Sul palco, oltre al Vescovo, c’era Padre Aldo Alberoni – ex assistente spirituale dell’Associazione Presepe Vivente di Grottammare, ora trasferito a Jesi – al quale Fabrizio Rosati e Susanna Faviani dell’associazione Presepe Vivente hanno consegnato una targa ricordo, e anche il nuovo assistente spirituale, Padre Aldo Marinelli, ora responsabile dell’Oasi Santa Maria dei Monti. Assieme al sindaco Luigi Merli era presente il Comandante della locale stazione dei Carabinieri Maresciallo Luigi Cameli, l’assessore alla Cultura Enrico Piergallini, altre autorità civili e una buona parte del clero cittadino, come monsignor Giovanni Flammini, don Andrea Spinozzi, don Lorenzo Bruni, don Fabrizio Luzi, suor Carla Sirch.

«Mi stupisco ancora e non posso che complimentarmi per questa grande capacità organizzativa che ha il Presepe Vivente» ha sottolineato il sindaco Merli.

Particolarmente interessante la postazione dei pastori di quest’anno, molto coreografica, con casette-capanne, un piccolo recinto con pecore e un accampamento. In piazza come sempre – dopo l’omaggio a ciascun visitatore della moneta – medaglia in rame coniata da Paolo Rosati e del giornalino con tutte le curiosità del Presepe c’è stato l’assaggio del “vin brulè” aromatizzato e di una pizzetta “cacciannanze” fatta al momento, il tutto a titolo gratuito, come sempre.

Significativa l’introduzione di Simeone, nuova figura di profeta, sistemato presso il Tempio ebraico che quest’anno è stato la “scenetta” protagonista. I visitatori sono dovuti passare attraverso un velo, quello del tempio, per l’esattezza, a simboleggiare il passaggio dalla Bibbia, ossia dal Vecchio, al Nuovo Testamento, cioè il vangelo di Gesù.

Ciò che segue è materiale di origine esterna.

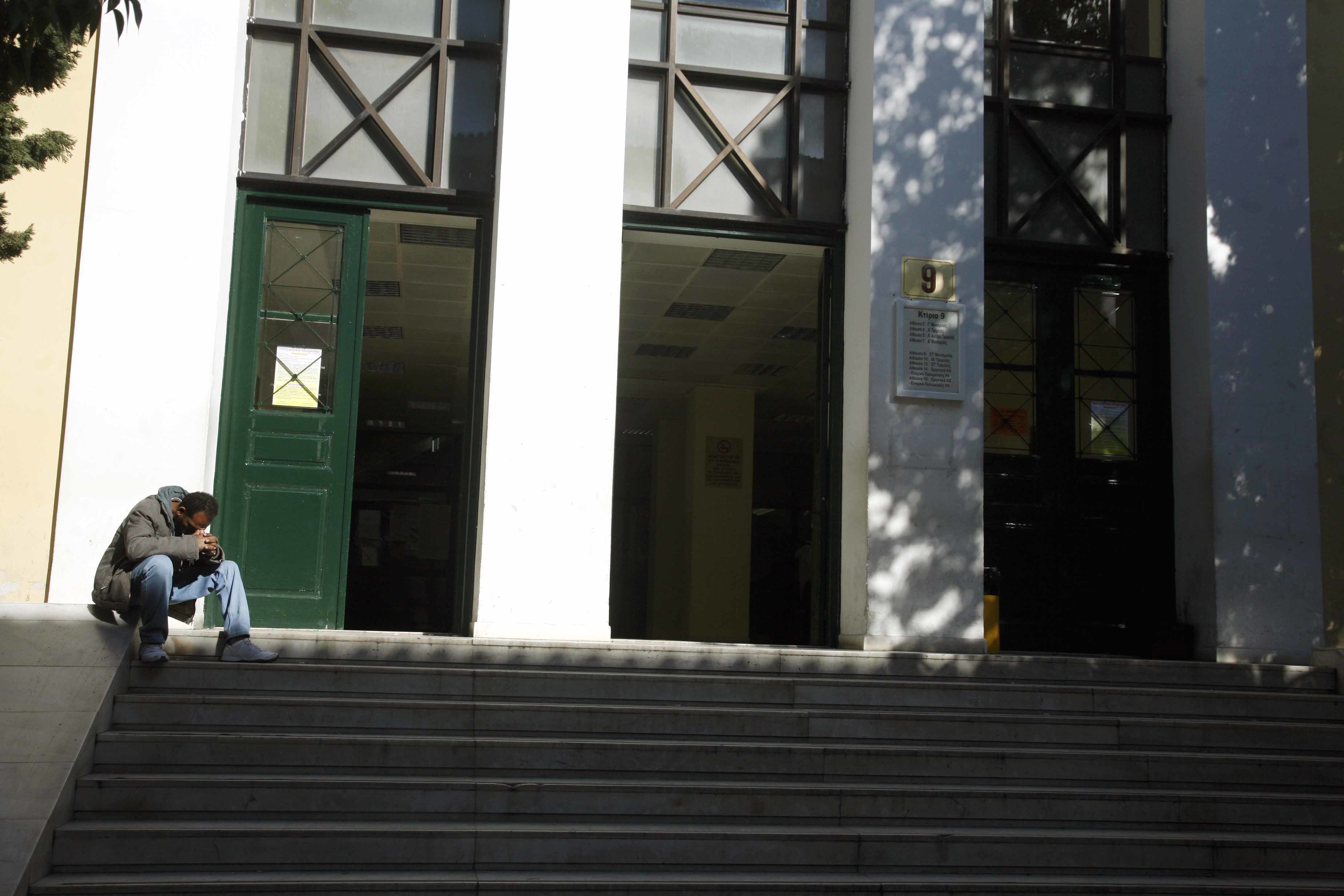 Ελεύθεροι με όρους για τον εκβιασμό του επιχειρηματία και τη μίζα των 50.000 ευρώ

Tutto ciò in un certo qual modo, simboleggiava anche il passaggio dalla morte alla vita, ossia alla resurrezione.

Questo Presepe come sempre è stato reso più gradevole dalla filodiffusione curata come sempre da Radio azzurra di San Benedetto, nella persona del titolare Peppe Palanca, che ha curato una selezione molto significativa di brani, assieme a Susanna Faviani. “Holy Mother” (Santa Madre) la nota canzone di Eric Clapton è stata una di queste, nella versione cantata insieme al grande tenore recentemente scomparso Luciano Pavarotti.

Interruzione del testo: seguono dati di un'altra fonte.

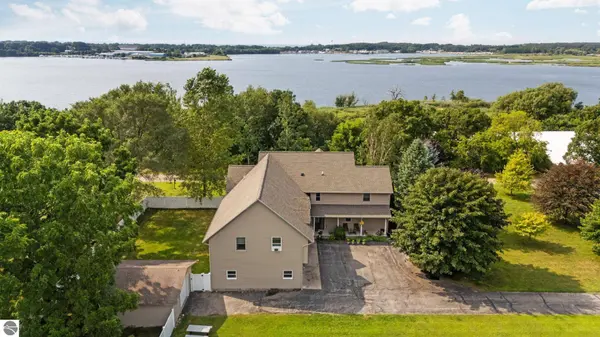 211 Bluff Avenue, Eastlake, MI 49626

Altre curiosità svelate all’inaugurazione sono relative ad alcuni “numeri”, ad esempio 1200 i bicchieri di vin brulè offerti ai visitatori e circa tremila le persone che hanno sfidato il tempo incerto per questa 5° edizione del Presepe Vivente di Grottammare. Per tutte e tre le date in programma (restano il 1° e il 6 gennaio), sono stati previsti circa cento chili di pane per le bruschette che vengono offerte. Altre curiosità sono relative agli animali: quest’anno ci sono stati molti asinelli e caprette, oltre a pecore e papere, galline e oche, tutti animali che esistevano in Medio Oriente al tempo di Cristo.

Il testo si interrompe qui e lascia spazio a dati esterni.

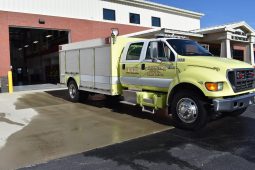SOLD SOLD SOLD 2001 Ford F-650 Medium Duty Rescue full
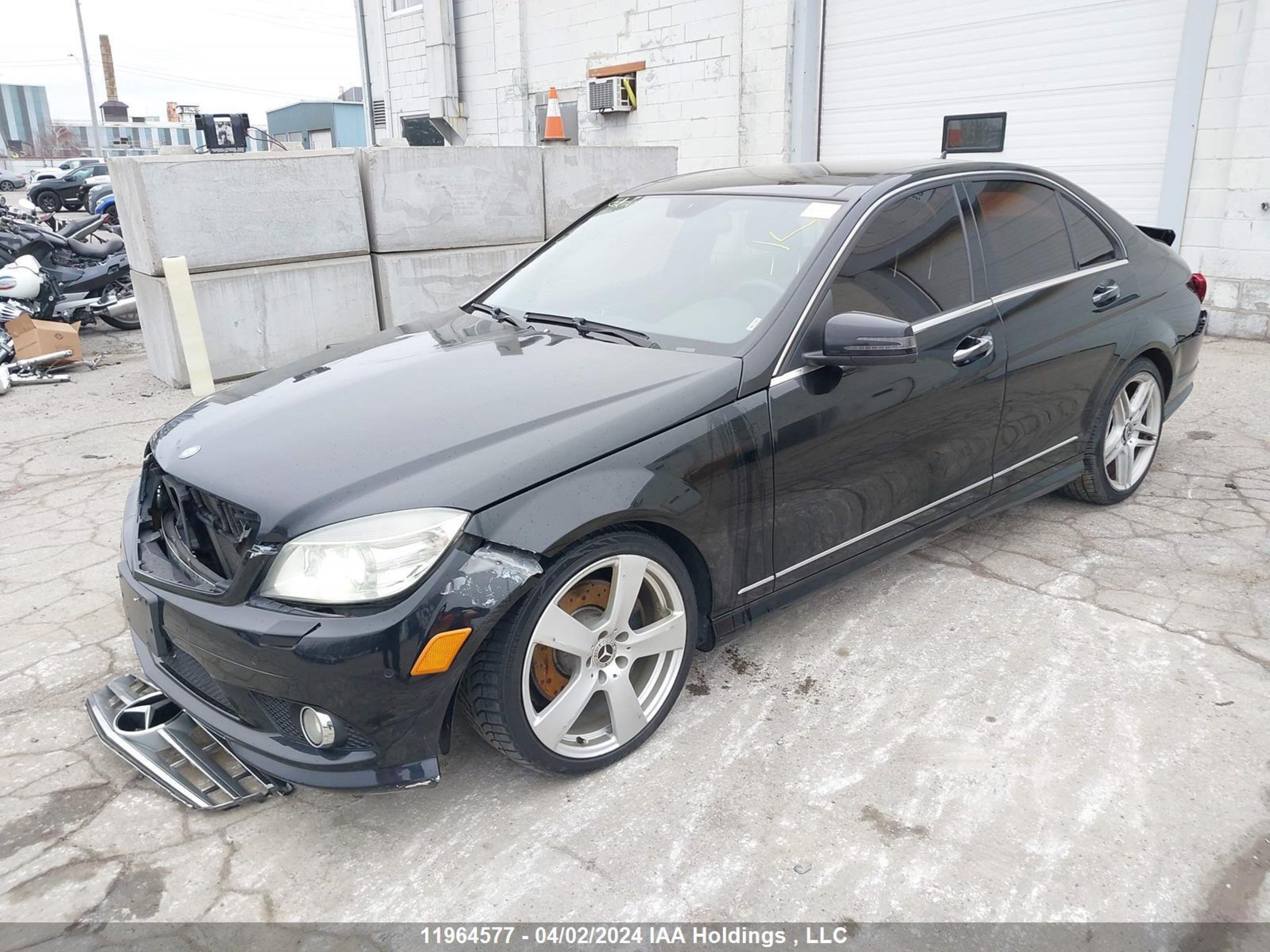 Photo 1 VIN: WDDGF8HB7AF405469 - MERCEDES-BENZ NULL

Infine si può dire che questo Presepe è stato anche un po’ multietnico, in quanto il primo dei bambini che ha interpretato Gesù è italo polacco e si chiama Fabio Malavolta. Ricordiamo – ad ogni buon conto – che sono sei i bimbi che si alternano, per motivi logistici, nelle 3 edizioni del Presepe Vivente.

Appuntamento, dunque, al 1° e 6 gennaio, sempre dalle 16 alle 19.